Christmas in wartime is always poignant. In Ukraine this year, tens of thousands will mark the day in muddy trenches, with the sounds of artillery and machine guns taking the place of festive jingles.

Millions of others will celebrate more quietly than usual in Ukrainian cities away from the front lines, with a 10 p.m. nightly curfew and the constant threat of Russian air strikes ensuring that any holiday gatherings are shorter and more anxious than those that took place before the war. Millions more Ukrainians will watch the holidays pass from outside the country, waiting for the moment the war ends and it’s finally safe to return home.

But, for the first time this year, almost all Ukrainian Christians will mark Christmas on Dec. 25 as part of what President Volodymyr Zelensky has called a national effort to “renounce Russian heritage.”

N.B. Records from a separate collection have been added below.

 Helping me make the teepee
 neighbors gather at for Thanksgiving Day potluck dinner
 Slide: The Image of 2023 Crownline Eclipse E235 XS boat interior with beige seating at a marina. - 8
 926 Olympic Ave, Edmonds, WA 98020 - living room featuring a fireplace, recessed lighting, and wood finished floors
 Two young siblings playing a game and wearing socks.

The Orthodox Church of Ukraine – which a 2022 poll by the Kyiv International Institute of Sociology found 54 per cent of Ukrainians identify as members of – announced in May that it would adopt the Revised Julian calendar in an effort to further separate itself from the Russian Orthodox Church, which has supported Vladimir Putin’s invasion of Ukraine. The Ukrainian Greek Catholic Church, which is predominant in some regions of Western Ukraine, made the same change.

The Russian church, like most Eastern churches, celebrates the birth of Jesus Christ on Jan. 7, but the Orthodox Church of Ukraine said in a statement that the old Julian calendar is now “perceived as connected with Russian church culture.”

Last year, the Ukrainian church allowed its followers to celebrate on Dec. 25 if they chose but still held its formal celebration on Jan. 7. In July, Mr. Zelensky signed a decree to formally remove Jan. 7 as a holiday and make Dec. 25 the national celebration of Christmas.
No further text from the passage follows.